No recommendation, because there's way too little to do, and it crashes often. However, I like this submission a LOT more than Occupy Moon since at least an actual effort was made to do something new from scratch rather just mushing together Minetest Game and Technic. So, I appreciate the effort. :-) Maybe this game will be more interesting with more missions, content and in general just more stuff to do and more challenging gameplay.
Gameplay
The gameplay is very simple: You grab your jackhammer and dig as many moon rocks as you can, then you return them to the base. There's a catch: Your jackhammer needs to recharge, so you might need multiple travels. But this is really the only thing the game has to offer: Once you collected 50 rocks of a total of 4 types, you win. The game's only real challenge is to remember your base location, which is easy if you place moon rocks as some kind of waypoint markers. Not every rock will be right at your doorstep, so you might need a longer trip. But that's really the only challenge.
I don't think it is even possible to die / fail, or at least that's very hard to achieve.
Mapgen
Unfortunately, it appears it's just the default mapgen with different blocks. Since it's a moon game, I would at least expect something like moon craters, but I could not find anything unique about the mapgen. The strangest thing about the map is the HUGE amounts of moon ice.
The game is unstable. The game greeted me with one console warning. The game crashes often when I dig. One minor bug I found is that I can't throw away items, they instantly return to my inventory. I had no performance issues.
Graphics / sounds
I think it's OK but not great. The sky is convincing, because it is always black, even at daytime and you can also see the stars at daytime. Good one! And at night, the Earth rises instead of the Moon, and the Earth texture is really good!

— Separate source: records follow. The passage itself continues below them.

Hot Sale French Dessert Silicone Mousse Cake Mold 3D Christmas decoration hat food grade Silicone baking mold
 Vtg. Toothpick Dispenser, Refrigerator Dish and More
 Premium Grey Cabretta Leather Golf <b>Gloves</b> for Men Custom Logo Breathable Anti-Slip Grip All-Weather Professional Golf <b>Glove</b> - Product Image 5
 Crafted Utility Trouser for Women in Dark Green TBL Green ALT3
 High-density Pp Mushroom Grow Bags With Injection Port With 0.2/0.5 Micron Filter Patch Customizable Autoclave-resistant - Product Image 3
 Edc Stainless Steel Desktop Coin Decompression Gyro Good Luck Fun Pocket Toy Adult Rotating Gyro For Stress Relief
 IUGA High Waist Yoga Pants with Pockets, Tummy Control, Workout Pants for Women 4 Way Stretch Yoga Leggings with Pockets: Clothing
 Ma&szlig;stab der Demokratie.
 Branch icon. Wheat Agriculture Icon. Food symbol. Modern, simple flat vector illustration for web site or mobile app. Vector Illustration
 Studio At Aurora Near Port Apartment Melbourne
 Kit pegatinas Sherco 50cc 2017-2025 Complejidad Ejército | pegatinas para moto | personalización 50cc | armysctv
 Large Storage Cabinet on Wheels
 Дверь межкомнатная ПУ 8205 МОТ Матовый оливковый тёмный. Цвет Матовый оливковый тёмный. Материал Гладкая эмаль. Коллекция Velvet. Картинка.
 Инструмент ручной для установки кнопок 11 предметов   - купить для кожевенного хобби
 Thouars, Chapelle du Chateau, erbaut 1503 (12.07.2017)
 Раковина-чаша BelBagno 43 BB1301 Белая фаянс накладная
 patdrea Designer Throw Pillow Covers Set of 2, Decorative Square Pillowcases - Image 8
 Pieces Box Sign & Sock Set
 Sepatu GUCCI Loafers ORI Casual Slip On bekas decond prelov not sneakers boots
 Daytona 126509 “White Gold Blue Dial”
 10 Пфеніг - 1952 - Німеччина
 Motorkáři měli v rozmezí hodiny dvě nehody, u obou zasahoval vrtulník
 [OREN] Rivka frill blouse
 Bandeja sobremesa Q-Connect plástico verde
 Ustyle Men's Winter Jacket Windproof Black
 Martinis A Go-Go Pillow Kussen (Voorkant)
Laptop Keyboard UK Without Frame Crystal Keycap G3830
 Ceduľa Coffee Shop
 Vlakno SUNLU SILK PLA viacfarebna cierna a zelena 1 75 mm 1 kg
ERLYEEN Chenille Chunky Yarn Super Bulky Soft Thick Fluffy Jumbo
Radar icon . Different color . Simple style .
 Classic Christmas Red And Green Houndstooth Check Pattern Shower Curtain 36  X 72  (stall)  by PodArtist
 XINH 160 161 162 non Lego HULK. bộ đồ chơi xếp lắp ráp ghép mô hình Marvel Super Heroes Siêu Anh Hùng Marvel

The GUI sadly only has the default style. The node textures are meh. Since the world is having HUGE expands of the same node, the repeating pattern quickly becomes an issue. Hint: Minetest allows you to let a texture span across multiple nodes, read about the world-aligned textures in lua_api.txt.
Story
There technically is a story, but it's an excuse plot since it is essentially "Worker, do your job!". Unfortunately, the instructions only appear when you start the game, you can't get your briefing back.
You've hit the jackhammer crash bug which is unfortunately common. It's on the list to defnitely fix after the Jam even though I don't know if I'll develop the game further.
Thanks for appreciating the texturing effort, it was great learning anyway. Earth somehow turned out really good :)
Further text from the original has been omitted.